→ **Exercise goal**: Reproduce the records precisely. Omit every picture.

+-------+

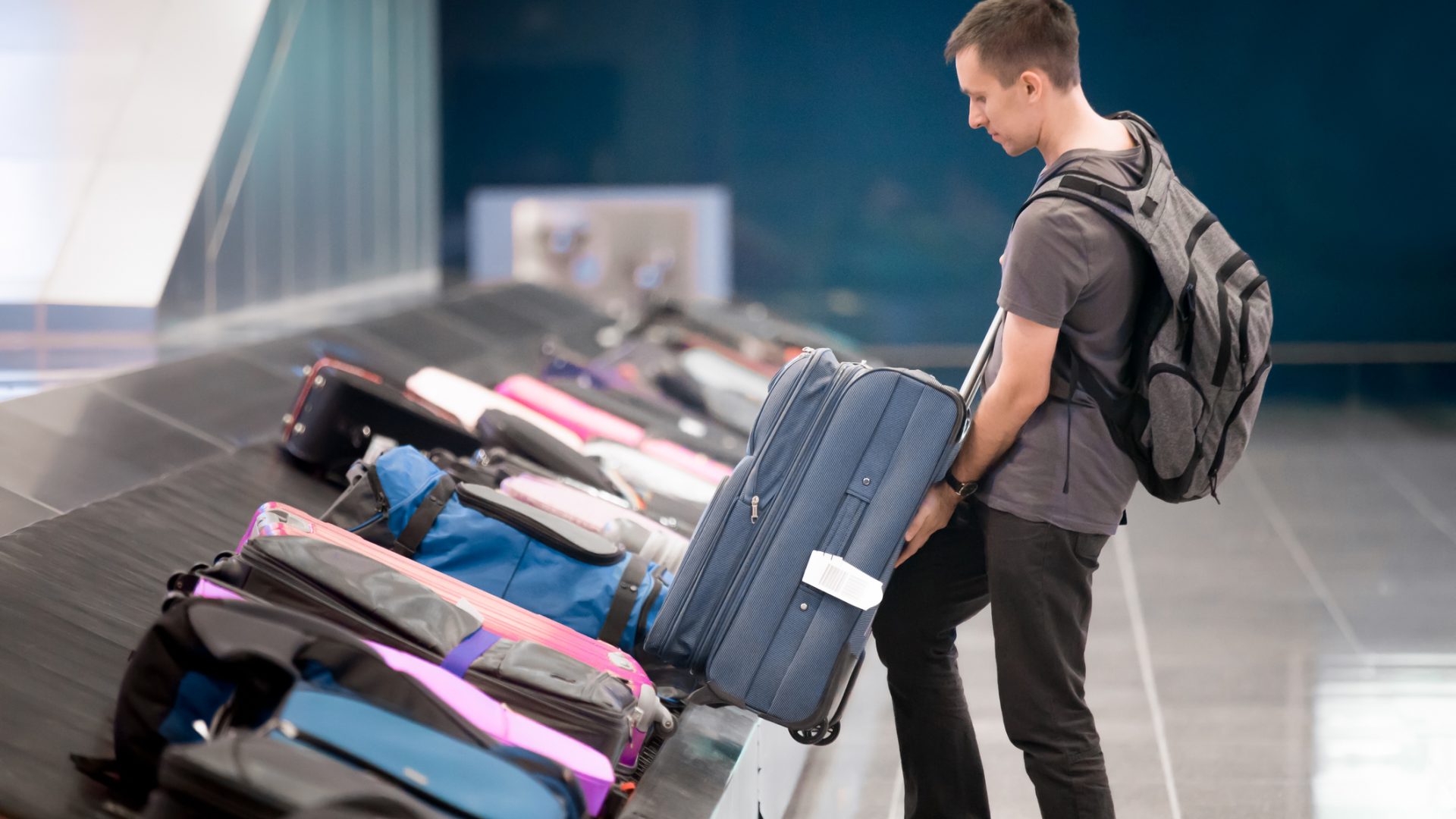 10 tips for traveling with valuable luggage and handbags - The Points Guy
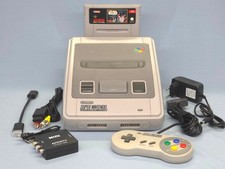 Super Nintendo Konsole SNES HDMI ⭐ 100% ⭐ STAR WARS ⭐ Controller?Top Geschenk?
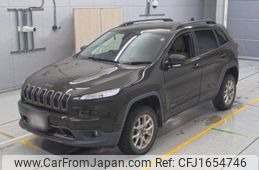 chrysler jeep-cherokee 2016 CFJ1654746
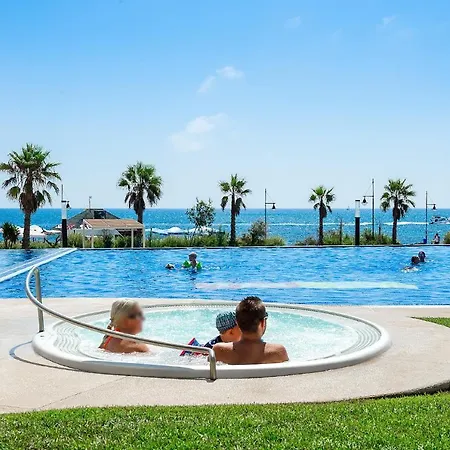 En Sea Senses Freya Apartment Torrevieja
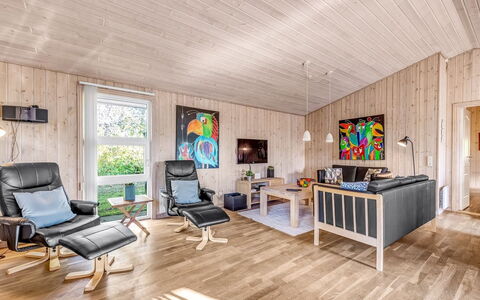 Efka - 600M to the Fjord: Furniture, Interior Design, Flooring, Floor, Ceiling, Room, Chair, Table, Apartment, Kitchen & Dining Room Table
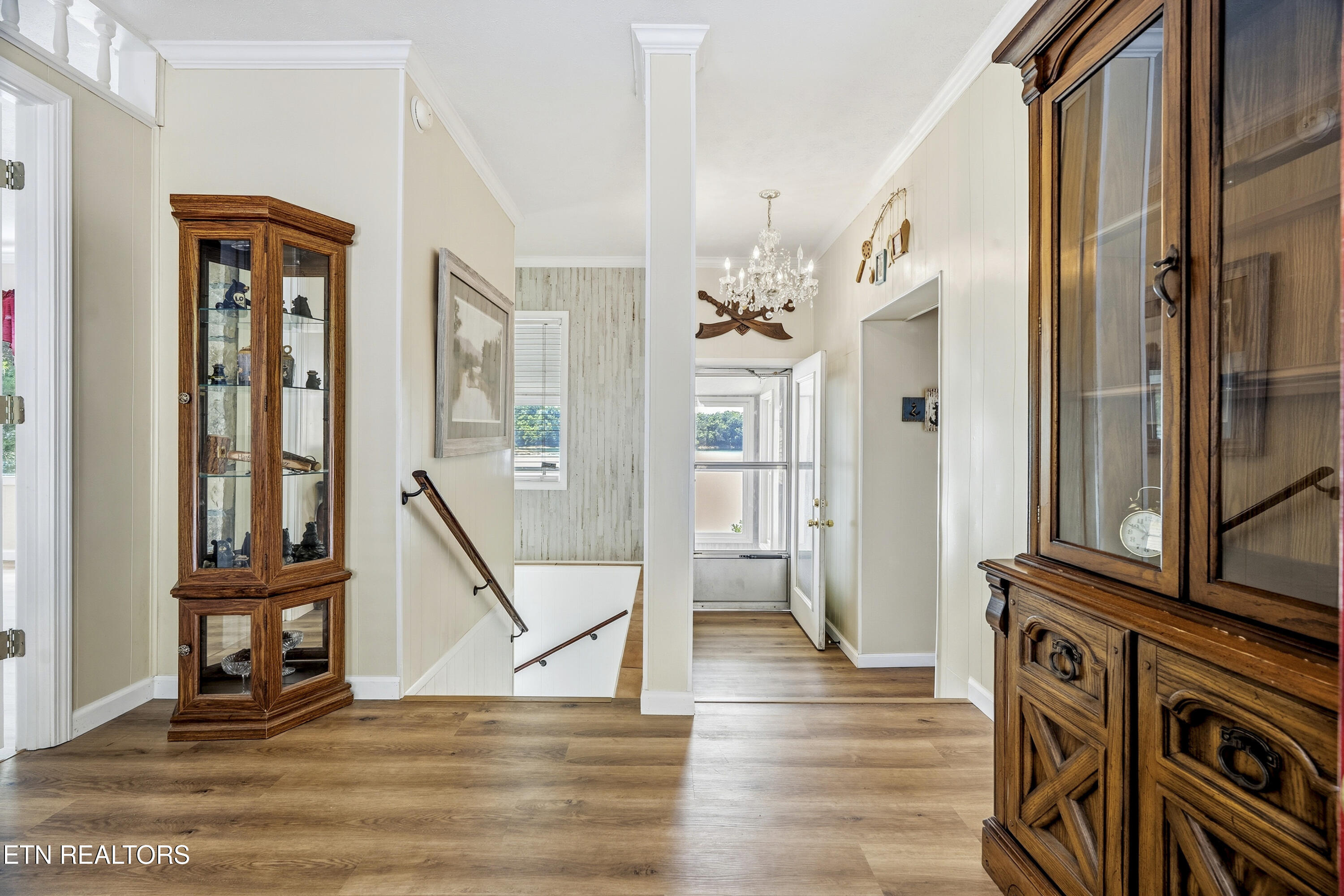 1387 Tennessee 139 Dandridge TN 37725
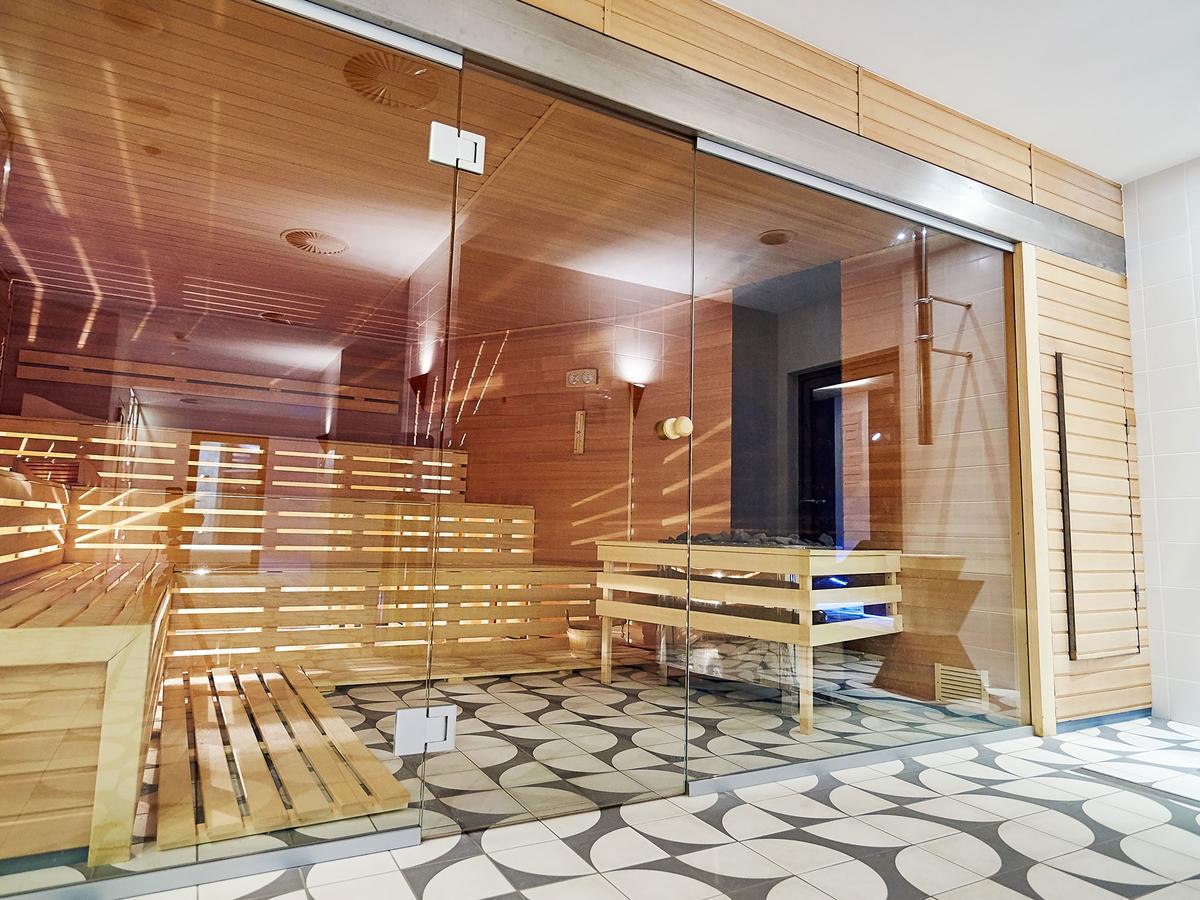 Vacationclub - Diune Apartment 12 Колобжег Экстерьер фото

+-------+

→ **Written answer**:
 10 tips for traveling with valuable luggage and handbags - The Points Guy
 Super Nintendo Konsole SNES HDMI ⭐ 100% ⭐ STAR WARS ⭐ Controller?Top Geschenk?
 chrysler jeep-cherokee 2016 CFJ1654746
 En Sea Senses Freya Apartment Torrevieja
 Efka - 600M to the Fjord: Furniture, Interior Design, Flooring, Floor, Ceiling, Room, Chair, Table, Apartment, Kitchen & Dining Room Table
 1387 Tennessee 139 Dandridge TN 37725
 Vacationclub - Diune Apartment 12 Колобжег Экстерьер фото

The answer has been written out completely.